A moment of confusion and panic for a Saanich senior citizen left a man dead and six others seriously injured at the airport last year.

It was a moment of confusion and panic for an elderly Saanich woman driving in the Victoria airport last year that left a man dead and six others seriously injured. Today Shirley Zerbin, 82,  received her sentence of a $1,500 fine and a three-year driving ban.

As Victoria provincial court judge Evan Blake noted, this is a case that started out of “innocent and mundane circumstances” and ended in profound tragedy for all.

On July 29, 2011, Zerbin drove her 1990 Pontiac Sunbird to the airport in the late morning to pick up a friend. She arrived flustered after becoming confused and lost due to the new McTavish interchange – for years she hadn’t driven farther than a grocery store near her Cedar Hill X Road home.

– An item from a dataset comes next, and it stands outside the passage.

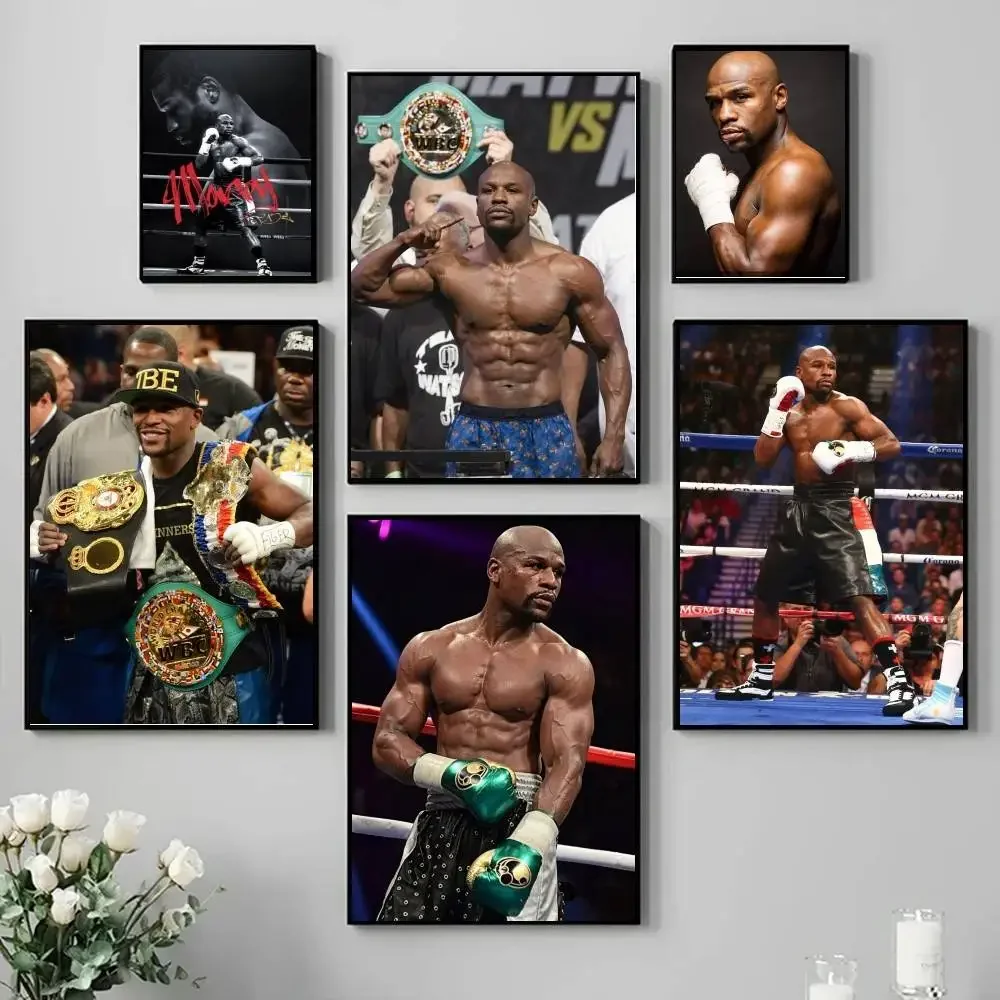 F-Floyd M-Mayweather Jr Poster Self-adhesive Art Waterproof Paper Sticker Coffee House Bar Room Wall Decor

Airport security video played in court demonstrated that Zerbin paid her dollar, pulled into the airport’s short term parking lot and slowly drove down a row of cars. She pulled an arcing left turn and then shot diagonally across the blacktop, accelerating over the curb, plowing through a concrete picnic table filled with taxi drivers playing cards, through luggage carts and into a cement barrier in front of the security building.

Crown prosecutor Kimberly Henders Miller said investigators estimate Zerbin’s car hit the table of men at 78 kilometres per hour, and accelerated continuously throughout the incident. Father of three, 57-year-old Ramesh Sharma died and six other taxi drivers suffered significant injuries. Five of those men remain off work.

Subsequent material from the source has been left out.